Use a shuffled embedding as unconditional for i2v adapter

2026-03-13 06:29:48 +00:00 · 2025-04-11 10:44:43 -06:00
parent 059155174a
commit 4a43589666
2 changed files with 61 additions and 1 deletions
--- a/toolkit/models/i2v_adapter.py
+++ b/toolkit/models/i2v_adapter.py
@@ -10,6 +10,8 @@ from transformers import SiglipImageProcessor, SiglipVisionModel, CLIPImageProce
 from diffusers.models.attention_processor import Attention
 from diffusers.models.transformers.transformer_wan import WanImageEmbedding, WanTimeTextImageEmbedding

+from toolkit.util.shuffle import shuffle_tensor_along_axis
+
 if TYPE_CHECKING:
    from toolkit.models.base_model import BaseModel
    from toolkit.config_modules import AdapterConfig, TrainConfig, ModelConfig
@@ -318,7 +320,14 @@ def new_wan_forward(
            self._do_unconditional = not self._do_unconditional
            if self._do_unconditional:
                # slightly reduce strength of conditional for the unconditional
-                encoder_hidden_states_image = adapter.adapter_ref().conditional_embeds * 0.5
+                # encoder_hidden_states_image = adapter.adapter_ref().conditional_embeds * 0.5
+                # shuffle the embedding tokens so we still have all the information, but it is scrambled
+                # this will prevent things like color from being cfg overweights, but still sharpen content. 
+                
+                encoder_hidden_states_image = shuffle_tensor_along_axis(
+                    adapter.adapter_ref().conditional_embeds, 
+                    axis=1
+                )
                # encoder_hidden_states_image = adapter.adapter_ref().unconditional_embeds
            else:
                # use the conditional
--- a/toolkit/util/shuffle.py
+++ b/toolkit/util/shuffle.py
@@ -0,0 +1,51 @@
+import torch
+import random
+import numpy as np
+
+def shuffle_tensor_along_axis(tensor, axis=0, seed=None):
+    """
+    Shuffle a tensor along a specified axis without affecting the global random state.
+    
+    Args:
+        tensor (torch.Tensor): The input tensor to shuffle
+        axis (int, optional): The axis along which to shuffle.

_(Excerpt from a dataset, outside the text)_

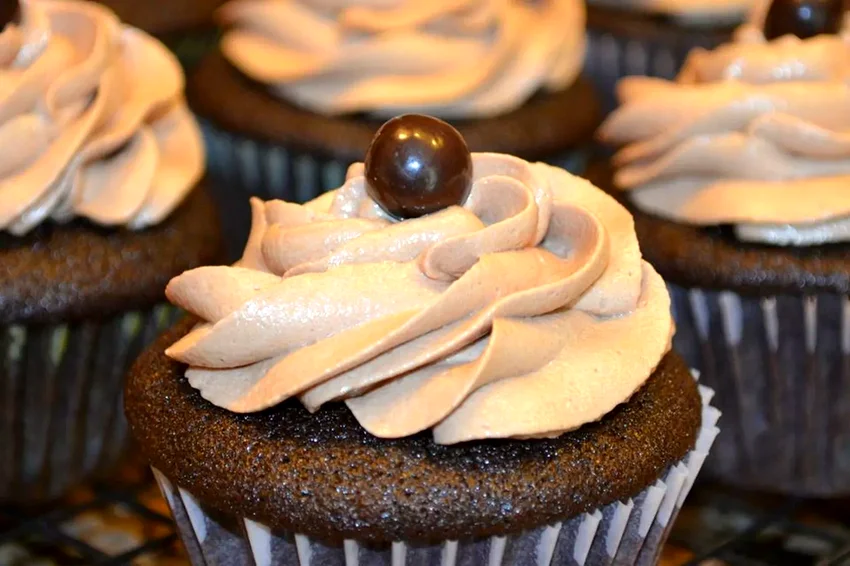 14 Beautiful and Tasty Bridal Shower Cupcake Recipes Simple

Defaults to 0.
+        seed (int, optional): Random seed for reproducibility. Defaults to None.
+        
+    Returns:
+        torch.Tensor: The shuffled tensor
+    """
+    # Clone the tensor to avoid in-place modifications
+    shuffled_tensor = tensor.clone()
+    
+    # Store original random states
+    torch_state = torch.get_rng_state()
+    np_state = np.random.get_state()
+    py_state = random.getstate()
+    
+    try:
+        # Set seed if provided
+        if seed is not None:
+            torch.manual_seed(seed)
+            np.random.seed(seed)
+            random.seed(seed)
+        
+        # Get the size of the dimension to shuffle
+        dim_size = tensor.shape[axis]
+        
+        # Generate random indices for shuffling
+        indices = torch.randperm(dim_size)
+        
+        # Create a slice object to shuffle along the specified axis
+        slices = [slice(None)] * tensor.dim()
+        slices[axis] = indices
+        
+        # Apply the shuffle
+        shuffled_tensor = tensor[slices]
+    
+    finally:
+        # Restore original random states
+        torch.set_rng_state(torch_state)
+        np.random.set_state(np_state)
+        random.setstate(py_state)
+        
+    return shuffled_tensor